**Records provided**

****

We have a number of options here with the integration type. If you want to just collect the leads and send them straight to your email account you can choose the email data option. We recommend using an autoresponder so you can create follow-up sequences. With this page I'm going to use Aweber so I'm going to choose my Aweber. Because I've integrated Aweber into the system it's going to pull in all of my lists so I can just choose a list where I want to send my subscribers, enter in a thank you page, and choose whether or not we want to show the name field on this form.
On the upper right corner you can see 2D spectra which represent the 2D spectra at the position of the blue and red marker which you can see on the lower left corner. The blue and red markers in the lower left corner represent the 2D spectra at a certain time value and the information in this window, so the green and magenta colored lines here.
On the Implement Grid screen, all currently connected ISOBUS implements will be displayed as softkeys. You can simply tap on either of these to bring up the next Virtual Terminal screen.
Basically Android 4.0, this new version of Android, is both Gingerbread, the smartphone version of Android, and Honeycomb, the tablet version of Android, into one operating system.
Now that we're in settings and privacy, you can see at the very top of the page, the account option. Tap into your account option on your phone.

****

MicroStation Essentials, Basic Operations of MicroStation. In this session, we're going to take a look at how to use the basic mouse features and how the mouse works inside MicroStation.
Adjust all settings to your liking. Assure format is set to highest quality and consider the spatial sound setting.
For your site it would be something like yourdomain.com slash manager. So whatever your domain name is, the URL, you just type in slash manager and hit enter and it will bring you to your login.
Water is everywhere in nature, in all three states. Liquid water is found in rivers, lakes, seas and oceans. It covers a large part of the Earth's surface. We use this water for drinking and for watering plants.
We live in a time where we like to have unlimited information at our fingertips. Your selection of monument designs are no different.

****

**Directions for this task**
Extract the lines of the preceding material that run from the line with "We have a number" through the line with "On the upper", inclusive, reproducing them exactly and adding nothing.

**Answer to this problem**
We have a number of options here with the integration type. If you want to just collect the leads and send them straight to your email account you can choose the email data option. We recommend using an autoresponder so you can create follow-up sequences. With this page I'm going to use Aweber so I'm going to choose my Aweber. Because I've integrated Aweber into the system it's going to pull in all of my lists so I can just choose a list where I want to send my subscribers, enter in a thank you page, and choose whether or not we want to show the name field on this form.
On the upper right corner you can see 2D spectra which represent the 2D spectra at the position of the blue and red marker which you can see on the lower left corner. The blue and red markers in the lower left corner represent the 2D spectra at a certain time value and the information in this window, so the green and magenta colored lines here.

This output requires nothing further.